The medication counseling that Wick and Clark were able to do, both at the clinic and in remote homes, gave them a chance to practice the teach-back method, checking their patient’s understanding by asking them to state in their own words what they need to do about their health or how they need to take their medication.

Taylor says the work in Guachipilincito is one of the first times that many pharmacy students truly feel a part of an interdisciplinary team.

“Ours is a very integrated clinic, as opposed to in the U.S., where pharmacies are often siloed,” she says. “While we’re there, the patients see the doctor and the pharmacist in the same space. It’s my chance to take a back seat and concentrate on practicing my Spanish while letting the students take the lead and collaborate with the physician.”

She said often students who join her on a mission enjoy the work so much they don’t want to leave. But when they do get back, they’re able to apply their new knowledge and confidence and also contrast what they’ve experienced in an underdeveloped country with conditions in a U.S. clinic.
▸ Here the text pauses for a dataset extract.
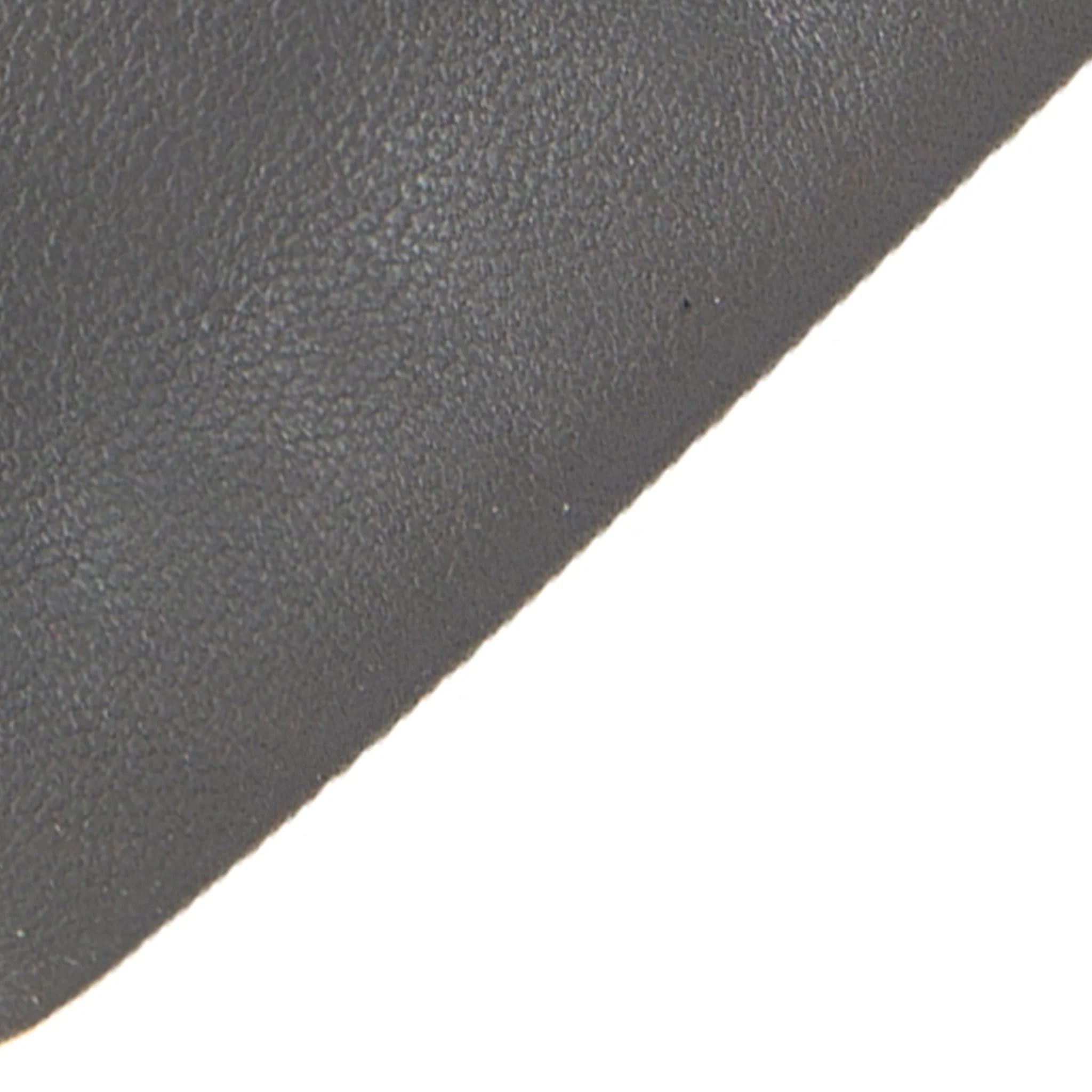 Women's Three-Point Cashmere-Lined Leather Gloves - Image 44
Through it all, Taylor says, the most rewarding part of her role as professor is the relationships she builds with students. She connects with them early, when “they most often have a narrow view of pharmacy,” but then equips them with not only the clinical education but some important soft skills. Before you know it, they’re “connecting with peers, supervisors and patients and learning how to problem-solve strategically.”

Above the awards, that’s what makes her job so satisfying.